Across many cultural contexts, men who have sex with both men and women (MSMW) have levels of STIs/HIV comparable to those we find in men who have sex only with men (MSM); but MSMW have often proved particularly hard for health services to access. Mercer & Cassell (M&C) (UK) and STIs/Beyrer & Baral (B&B) (South Africa) refer to poor rates of HIV testing as compared to MSM (RR 0.31 and 0.62 respectively). Both studies stress the need to find ways of targeting safe-sex messages for MSMW who do not identify as gay.
In an intriguingly entitled reivew of the literature on MSMW sexual health in the US 2008-2013 (“Beyond the bisexual bridge”) Jeffries corroborates this general picture of high STI risk and poor accessibility. But he seeks to get beyond what he considers an obsession on the part of researchers with the role of MSMW as a “bridging” population with women. He claims this “characterization” is not justified by the research – at least where the US is concerned (Chu & Curran; Satcher & Dean; Kahn & Catania). He also views it as ultimately detrimental to the sexual health of MSMW, which needs to be founded on the “recognition of MSMW’s unique sexual and social experiences”.

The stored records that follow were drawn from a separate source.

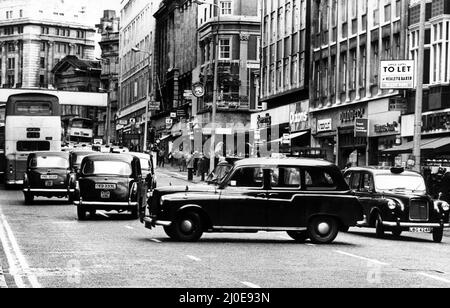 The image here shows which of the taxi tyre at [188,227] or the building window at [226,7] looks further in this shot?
the building window at [226,7]

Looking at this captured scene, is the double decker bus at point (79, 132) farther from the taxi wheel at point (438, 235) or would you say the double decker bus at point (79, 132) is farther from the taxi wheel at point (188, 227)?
the taxi wheel at point (188, 227)

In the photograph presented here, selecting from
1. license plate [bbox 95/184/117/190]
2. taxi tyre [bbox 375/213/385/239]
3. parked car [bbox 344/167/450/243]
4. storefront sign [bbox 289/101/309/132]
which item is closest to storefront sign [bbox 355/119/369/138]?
storefront sign [bbox 289/101/309/132]

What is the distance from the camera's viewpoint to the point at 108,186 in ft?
97.3

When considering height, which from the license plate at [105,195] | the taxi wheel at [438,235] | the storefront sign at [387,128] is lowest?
the taxi wheel at [438,235]

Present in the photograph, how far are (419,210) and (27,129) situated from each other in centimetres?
2648

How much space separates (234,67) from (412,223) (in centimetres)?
6720

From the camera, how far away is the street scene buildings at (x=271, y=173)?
667 inches

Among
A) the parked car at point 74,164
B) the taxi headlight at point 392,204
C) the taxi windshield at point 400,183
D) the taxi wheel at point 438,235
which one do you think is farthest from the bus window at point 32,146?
the taxi wheel at point 438,235

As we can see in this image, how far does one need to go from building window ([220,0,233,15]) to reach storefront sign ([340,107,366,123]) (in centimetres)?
3801

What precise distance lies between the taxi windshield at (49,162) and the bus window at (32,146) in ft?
32.1

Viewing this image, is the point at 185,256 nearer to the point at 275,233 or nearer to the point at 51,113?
the point at 275,233

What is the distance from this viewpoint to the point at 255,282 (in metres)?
13.9

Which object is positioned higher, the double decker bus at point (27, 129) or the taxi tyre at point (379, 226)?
the double decker bus at point (27, 129)

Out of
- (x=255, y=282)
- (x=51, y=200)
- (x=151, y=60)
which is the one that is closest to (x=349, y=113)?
(x=51, y=200) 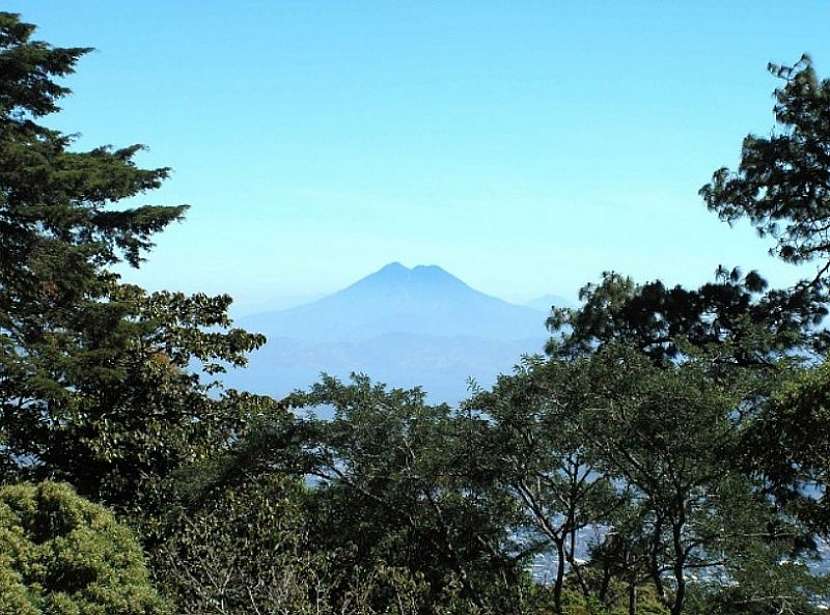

The article reviews both the sexual health, and socio-cultural challenges to MSMW’s health. Sexual health challenges include: levels of STIs other than HIV equalling and exceeding MSM levels, alongside levels of HIV lower than MSM, yet higher than MSW (as in the UK (see M&C)); also enormously higher levels of injection drug use, sex in exchange for money or drugs, and drug and alcohol use during sex than in MSM; also sex within female networks (as well as male) that imperil sexual health, with a high proportion of female partners having injected drugs, being under influence of drugs during sex, and having concurrent partners. Socio-cultural challenges include biphobia in society at large, and fairly extreme socio-economic marginalization, as indicated by lack of education, poverty, homelessness and incarceration.
Some corroboration of the role that Jeffries attributes to settled identities in moderating at risk behaviour is provided by the success of a number of ongoing initiatives aimed at black or Latino MSMW. These all appear to address MSMW’s masculinity concerns and heterosexual identities in a non-judgmental and culturally sensitive manner. Men of African American Legacy Empowering Self (MAALES) has been evaluated in a RCT discussed in an earlier blog (STI/blog/Are bisexuals well served by interventions that assume gay identity?). Jeffries also mentions: Hombres Sanos; the Bruthas Project; the Enhanced Sexual health Intervention for Men (ES-HIM).
A puzzle remains in the lower susceptibility of MSMW, as against MSM, to HIV – alongside equivalent or higher susceptibility to other STIs . Jeffries discusses this, but offers no explanation. Could the less than expected levels of HIV in MSMW be the result of an association between MSM identity and sexual networks that carry particular risk of HIV transmission?